> **Directions**: Would you copy only the lines below, from the one containing "پروبیوتیک برای جوش و آکنه" through the very last one, leaving the pictures out?

> **The input**:
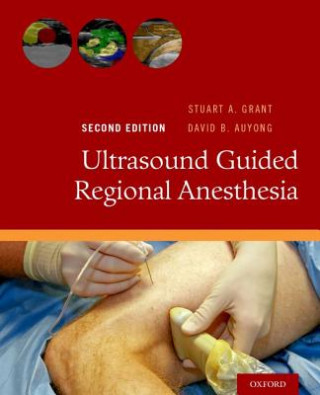 Kniha Ultrasound Guided Regional Anesthesia Stuart A. Grant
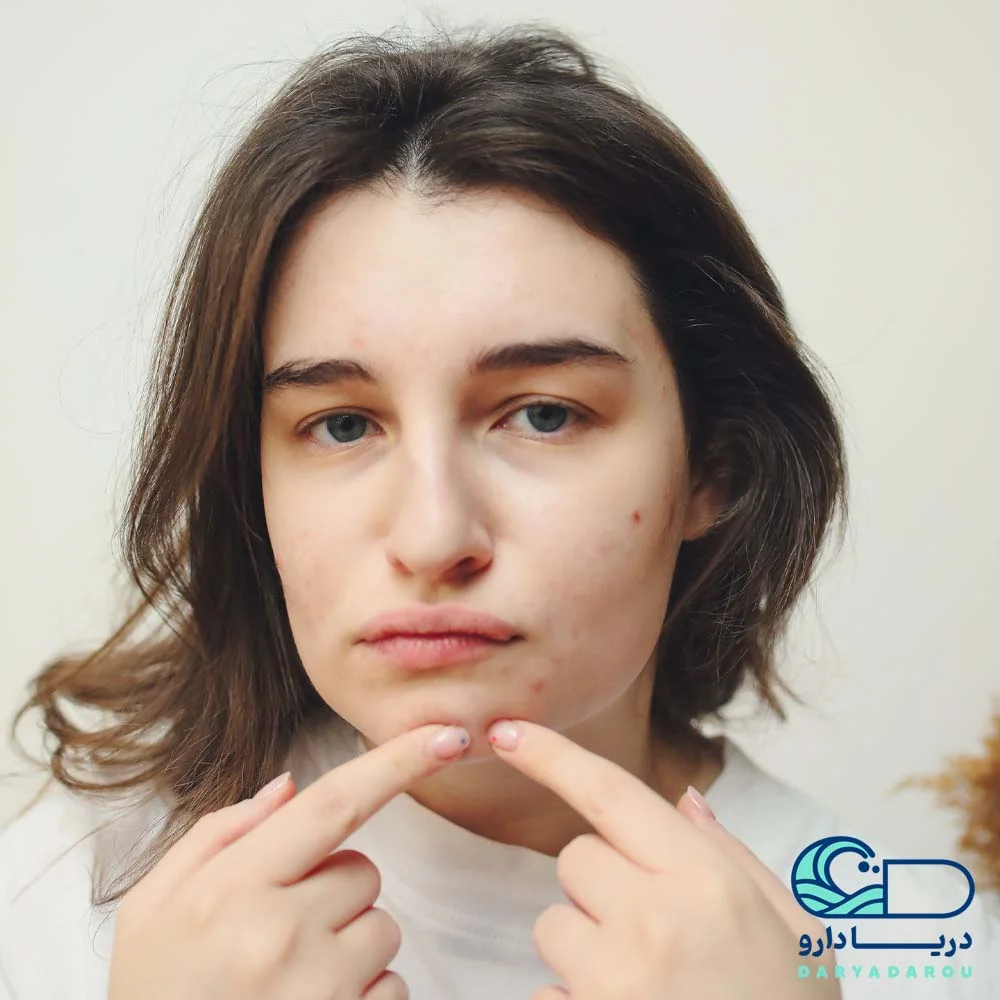 پروبیوتیک برای جوش و آکنه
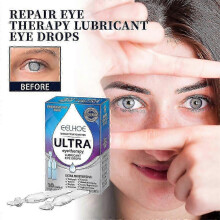 Cataract Treatment Eye Drops Dry Itchy Eyes Fatigue Care Relieve Blurred Vision Treating Redness Eyes Eyesight Improvement Drop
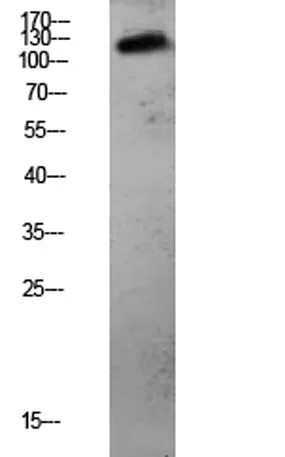 CDH3 rabbit pAb - image 1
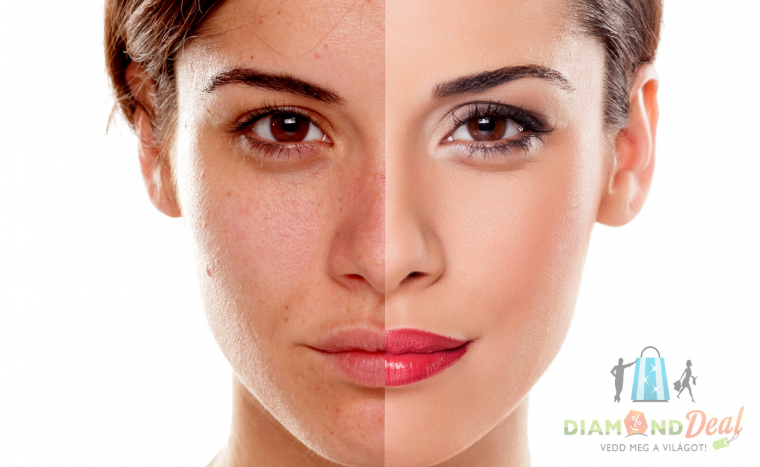 Mikrodermabráziós arckezeléssel, bio kozmetikumos pakolással a ráncok, hegek és foltok ellen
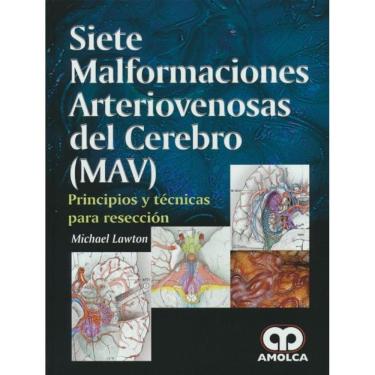 Imagem de Siete Malformaciones Arteriovenosas Del Cerebro (mav)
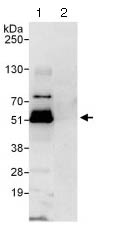 Immunoprecipitation - Anti-p50 dynamitin antibody (AB124285)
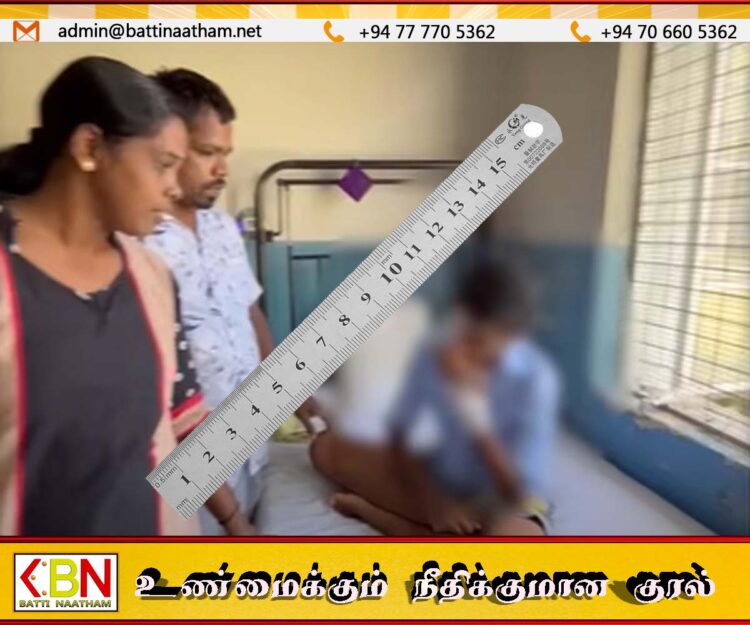 பிழையாக பதில் கூறிய மாணவன்- ஆசிரியை அலுமினிய அடிமட்டதால் எரிந்ததால் மாணவனின் கண்பார்வை கேள்விக்குறி:கொழும்பில் சம்பவம்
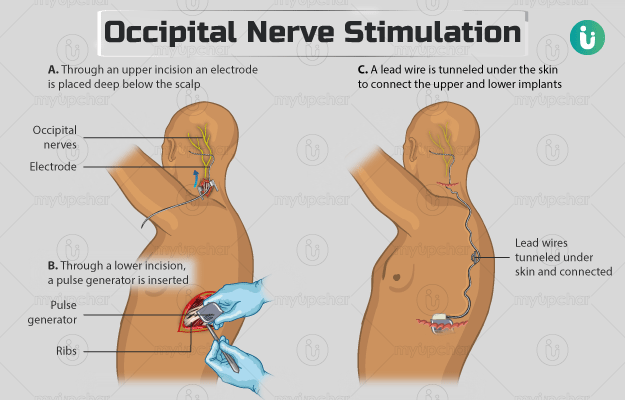 Occipital Nerve Stimulation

> **Exercise solution**:
 پروبیوتیک برای جوش و آکنه
 Cataract Treatment Eye Drops Dry Itchy Eyes Fatigue Care Relieve Blurred Vision Treating Redness Eyes Eyesight Improvement Drop
 CDH3 rabbit pAb - image 1
 Mikrodermabráziós arckezeléssel, bio kozmetikumos pakolással a ráncok, hegek és foltok ellen
 Imagem de Siete Malformaciones Arteriovenosas Del Cerebro (mav)
 Immunoprecipitation - Anti-p50 dynamitin antibody (AB124285)
 பிழையாக பதில் கூறிய மாணவன்- ஆசிரியை அலுமினிய அடிமட்டதால் எரிந்ததால் மாணவனின் கண்பார்வை கேள்விக்குறி:கொழும்பில் சம்பவம்
 Occipital Nerve Stimulation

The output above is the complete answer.